Is there any way to annotate text with HTML tags in it ?

Hello,

We have texts with multiple different HTML tags in it. We want to annotate the texts in such a way that HTML tags not shown in UI, but their indexes count in tokens and spans. The text should also be seen in well formatted as per the HTML tags.

In the attached image,
The text on the left side is original text with HTML tags. We want to do something like right part of the image, where the text is shown in proper structure based on HTML tags, where user can annotate text, just like "Multiplex Assays".

Note: The texts can be very large, too.

Hi @dhavalv83,
Annotating spans in HTML is not trivial because it is unclear how the raw HTML should be split into tokens, especially in the case of complex and nested markup. Additionally, not seeing parts of the raw text while annotating also tends to lead to problems during modeling.

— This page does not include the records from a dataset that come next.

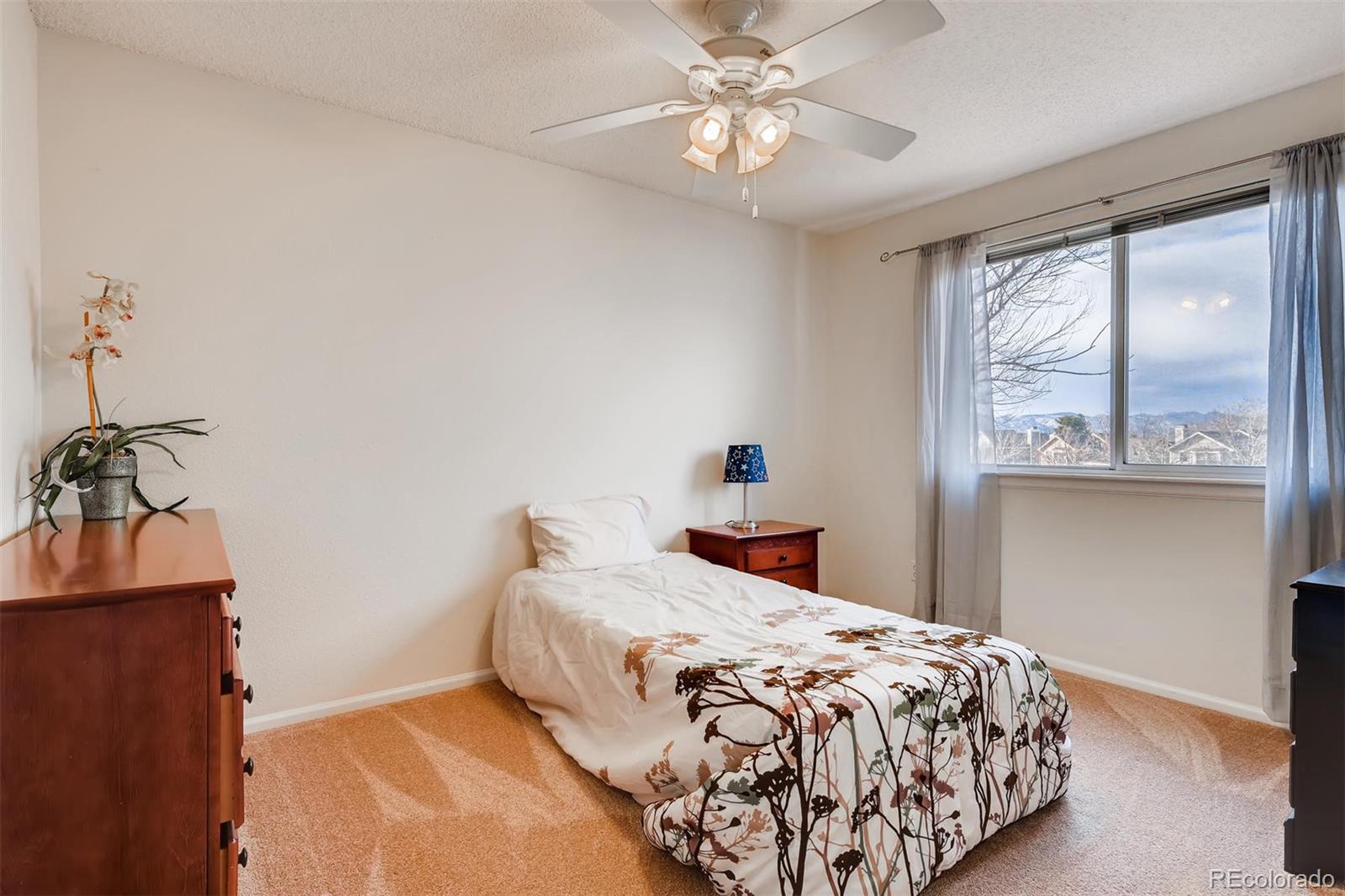 10057 Silver Maple Road Highlands Ranch, CO 80129 - Photo 21 of 28 Gallery Image 21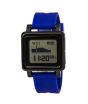 iShopping - Nixon Royal Men's Watch (A15730-600)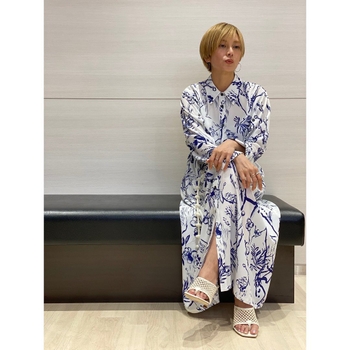 Ko Shibasaki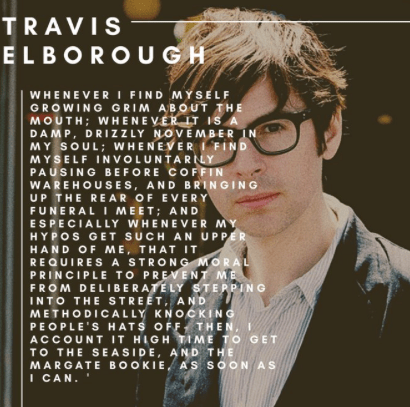 Screen Shot 2019-11-13 at 09.10.27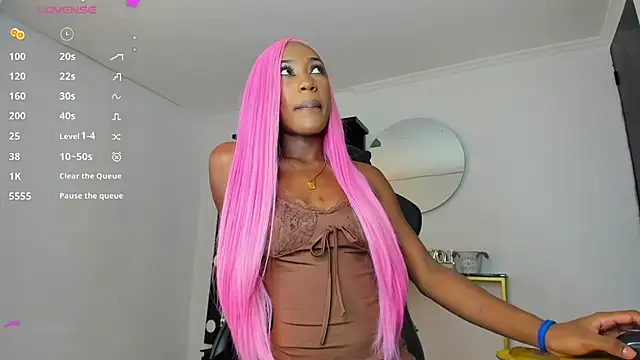 Snapshot of deyy_madissonn chatting on November 2025 08:51:01 PM deyy madissonn online show from November 2025 08:51:01 PM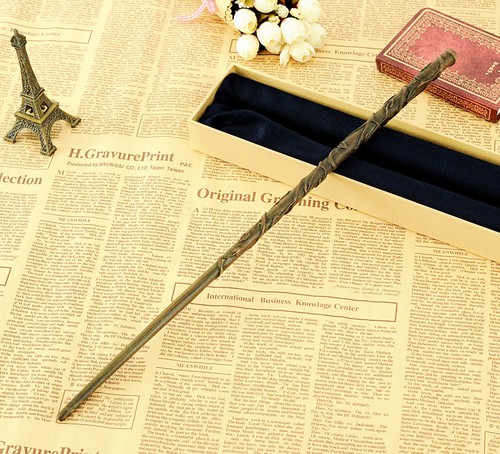 New hermione granger magic - new,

Please see these posts from Ines where she provides more details on the topic as well as possible approaches:

You can, of course, build a custom tokenizer to help you separate HTML tags from the raw text (similar to this one maybe) and have a meaningful tokenization of the HTML. You can even set the style of the HTML tokens to none (by adding "style": {"display": "none"} to tokens' dictionary) so that they are not visualized in the Prodigy UI, but you'd still have to annotate on the raw text i.e., using ner_manual or spans_manual UI. Marking spans in the html UI is not enabled for the reasons discussed in the cited posts. This means that your span and token offsets will map back to the original HTML, and you won't be seeing the markup, but you won't get the HTML layout in the UI. Note that the style key lets you specify any CSS style so you do have a way to define how tokens should be displayed.

Some other approaches to consider:

  • You might show both the HTML and raw text version of it using blocks. The HTML would be there to facilitate the reading, and the raw text is where the actual annotation would take place. With long texts, it might be counterproductive, though.

  • You might also consider a preprocessing routine that would strip the HTML altogether and pre-format the text using whitespaces. You would work with such preprocessed text both for annotation and training. This, of course, depends on how complex the layouts are.

  • Finally, if the HTML and layouts are complex and varied and are important for modeling, you might consider converting the data to PDF and annotating using Prodigy pdf.spans.manual instead.